### [WHAT YOU ARE ASKED TO DO]
In the data below, one line contains "BUXOM COUTURE Tiered" and a later one contains "Zapatos Oxford Dr". Print both, with every line between them, exactly and alone.

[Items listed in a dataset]
____________
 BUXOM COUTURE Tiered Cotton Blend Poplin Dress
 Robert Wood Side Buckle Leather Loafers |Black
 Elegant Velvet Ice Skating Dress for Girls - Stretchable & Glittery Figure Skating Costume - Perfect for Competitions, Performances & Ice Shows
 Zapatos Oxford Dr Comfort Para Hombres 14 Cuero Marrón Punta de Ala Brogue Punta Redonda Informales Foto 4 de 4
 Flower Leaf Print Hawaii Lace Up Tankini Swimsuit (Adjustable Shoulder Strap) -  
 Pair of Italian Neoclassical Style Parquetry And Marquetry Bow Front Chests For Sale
____________
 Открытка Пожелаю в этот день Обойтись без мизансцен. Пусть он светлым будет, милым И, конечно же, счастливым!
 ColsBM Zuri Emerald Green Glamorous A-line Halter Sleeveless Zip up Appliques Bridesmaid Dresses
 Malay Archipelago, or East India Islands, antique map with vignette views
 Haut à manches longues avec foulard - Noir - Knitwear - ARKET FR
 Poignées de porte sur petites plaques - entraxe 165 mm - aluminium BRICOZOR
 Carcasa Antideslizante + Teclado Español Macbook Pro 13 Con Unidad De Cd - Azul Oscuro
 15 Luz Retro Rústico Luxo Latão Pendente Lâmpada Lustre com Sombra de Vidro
____________
### [RESPONSE FOR THIS EXERCISE]
 BUXOM COUTURE Tiered Cotton Blend Poplin Dress
 Robert Wood Side Buckle Leather Loafers |Black
 Elegant Velvet Ice Skating Dress for Girls - Stretchable & Glittery Figure Skating Costume - Perfect for Competitions, Performances & Ice Shows
 Zapatos Oxford Dr Comfort Para Hombres 14 Cuero Marrón Punta de Ala Brogue Punta Redonda Informales Foto 4 de 4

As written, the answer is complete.